> [Requirement]: Where does the word "granules" show up in the records? Copy every line that has it.

(Short text fragments from websites)
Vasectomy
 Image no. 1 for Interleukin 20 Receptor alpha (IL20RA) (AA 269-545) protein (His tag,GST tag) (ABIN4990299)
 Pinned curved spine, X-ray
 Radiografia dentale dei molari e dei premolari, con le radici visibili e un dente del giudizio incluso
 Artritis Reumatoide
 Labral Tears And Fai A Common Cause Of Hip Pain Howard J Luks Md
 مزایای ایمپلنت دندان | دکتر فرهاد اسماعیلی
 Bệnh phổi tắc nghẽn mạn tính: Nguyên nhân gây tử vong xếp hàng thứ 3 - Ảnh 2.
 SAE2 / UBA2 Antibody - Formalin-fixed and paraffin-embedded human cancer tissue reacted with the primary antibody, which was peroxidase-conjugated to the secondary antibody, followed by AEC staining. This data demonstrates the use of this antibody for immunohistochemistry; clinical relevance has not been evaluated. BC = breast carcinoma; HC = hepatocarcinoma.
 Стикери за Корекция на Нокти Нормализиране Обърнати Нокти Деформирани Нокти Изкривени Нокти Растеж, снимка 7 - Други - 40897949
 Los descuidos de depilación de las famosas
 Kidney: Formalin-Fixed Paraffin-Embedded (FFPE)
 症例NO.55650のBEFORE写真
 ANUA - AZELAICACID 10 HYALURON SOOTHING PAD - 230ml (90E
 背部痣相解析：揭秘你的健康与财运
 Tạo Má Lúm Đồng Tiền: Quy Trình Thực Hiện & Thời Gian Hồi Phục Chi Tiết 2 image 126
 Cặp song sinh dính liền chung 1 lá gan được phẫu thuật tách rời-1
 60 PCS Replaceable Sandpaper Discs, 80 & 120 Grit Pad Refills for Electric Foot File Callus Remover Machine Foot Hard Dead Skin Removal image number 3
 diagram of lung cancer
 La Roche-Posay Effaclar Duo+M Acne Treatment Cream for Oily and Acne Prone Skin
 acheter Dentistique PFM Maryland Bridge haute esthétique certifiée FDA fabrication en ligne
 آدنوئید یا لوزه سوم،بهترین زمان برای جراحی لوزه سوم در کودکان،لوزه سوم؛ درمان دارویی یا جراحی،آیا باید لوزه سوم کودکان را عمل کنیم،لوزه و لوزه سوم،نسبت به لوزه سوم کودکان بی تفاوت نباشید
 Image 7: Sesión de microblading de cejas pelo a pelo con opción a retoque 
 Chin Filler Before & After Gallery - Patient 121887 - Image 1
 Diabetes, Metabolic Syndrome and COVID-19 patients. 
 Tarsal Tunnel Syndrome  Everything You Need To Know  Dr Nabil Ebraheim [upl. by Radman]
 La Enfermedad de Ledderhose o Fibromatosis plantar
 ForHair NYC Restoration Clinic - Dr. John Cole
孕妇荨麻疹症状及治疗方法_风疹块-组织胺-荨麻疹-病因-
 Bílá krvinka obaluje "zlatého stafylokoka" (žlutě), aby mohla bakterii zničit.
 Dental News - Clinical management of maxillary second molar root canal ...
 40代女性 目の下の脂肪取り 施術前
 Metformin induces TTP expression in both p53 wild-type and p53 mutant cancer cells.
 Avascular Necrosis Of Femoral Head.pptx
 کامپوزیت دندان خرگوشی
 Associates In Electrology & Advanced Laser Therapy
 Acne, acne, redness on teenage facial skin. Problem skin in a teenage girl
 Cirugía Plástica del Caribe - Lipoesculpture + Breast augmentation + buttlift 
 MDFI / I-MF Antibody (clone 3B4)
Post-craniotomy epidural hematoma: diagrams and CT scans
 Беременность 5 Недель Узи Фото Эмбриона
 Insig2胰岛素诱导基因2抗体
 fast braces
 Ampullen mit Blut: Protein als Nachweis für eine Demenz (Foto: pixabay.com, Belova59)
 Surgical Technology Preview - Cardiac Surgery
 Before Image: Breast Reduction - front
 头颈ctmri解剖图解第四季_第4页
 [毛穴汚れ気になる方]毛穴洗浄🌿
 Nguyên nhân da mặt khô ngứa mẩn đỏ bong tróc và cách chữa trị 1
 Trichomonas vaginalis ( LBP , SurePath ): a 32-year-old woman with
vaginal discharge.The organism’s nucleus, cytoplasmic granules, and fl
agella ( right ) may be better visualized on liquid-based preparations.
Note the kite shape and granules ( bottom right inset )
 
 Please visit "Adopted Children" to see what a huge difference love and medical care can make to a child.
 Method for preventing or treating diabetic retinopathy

> [Answer to this problem]:
vaginal discharge.The organism’s nucleus, cytoplasmic granules, and fl
Note the kite shape and granules ( bottom right inset )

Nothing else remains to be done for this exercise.